How I write - celebrating the oblique
Celebrating the oblique – why the best writing comes from the glimpsed, the half-heard and the barely understood.
‘Write what you know’ is one of the most repeated and most tedious pieces of writing advice, though you’ll find plenty of good writers and teachers of writing who recommend the opposite and say ‘write what you don’t know’. I don’t think that’s quite right, either. The very best fiction, and especially the best short fiction, comes neither from what is observed and understood nor from what is wholly imagined and dreamed-up, but from somewhere in-between. It’s the snatch of conversation, the glimpse of a child pulling his hand out of his mother’s grasp, the old woman who slips a lump of cheese into her coat pocket in the supermarket thinking she has not been seen that sets the story on its way. You might say it’s the twilight world between the real and the imagined that makes for the story, but I’d argue it’s the oblique angle that does it. It’s the way the cheese-stealer caught your eye, the expression of defiance there that you need to capture. Seen face-on life is beautiful, ugly, plain and colourful; it’s all those things and more.

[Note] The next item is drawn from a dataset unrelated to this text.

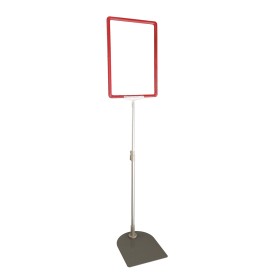 Sign Holder on Adjustable Stand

But picking the strand of the story out of all that light and clamour is hard. You have to wait for the angle, the sharp relief to find the precise moment that triggers the story. Every story is an explosion: the observed is the fuse, your imagination is the dynamite.
Fuses and dynamite
My notebook is full of jottings from the observed and overheard on trains, buses, in the street. (Incidentally, you will already have noticed that I seem to be quite a fan of public transport. I’d say to any aspiring writer ‘by all means spend time and money on a good writing course, maybe even a Masters, but please-oh-please spend plenty of time on buses and trains.’) Amongst my notes is the woman wearing odd shoes carrying a viola case; the possibly misheard ‘he married his brother, for God’s sakes’; and an argument between two clowns evidently unhappy to discover they are on their way to the same child’s party. All real incidents, barely glimpsed. My story RAGBABY NUMBER TWO (see under ‘short stories’) was written after I half-saw something lying in the road and genuinely thought it was a baby. It turned-out to be a small pile of baby clothes, but the image of a baby lying on a wet road on a dark night would not leave me and led to what I have been told is a very strange story. Ah well. Odd how a dead badger is but a dead badger, but a heap of baby clothes thrown from a car is an eternal mystery.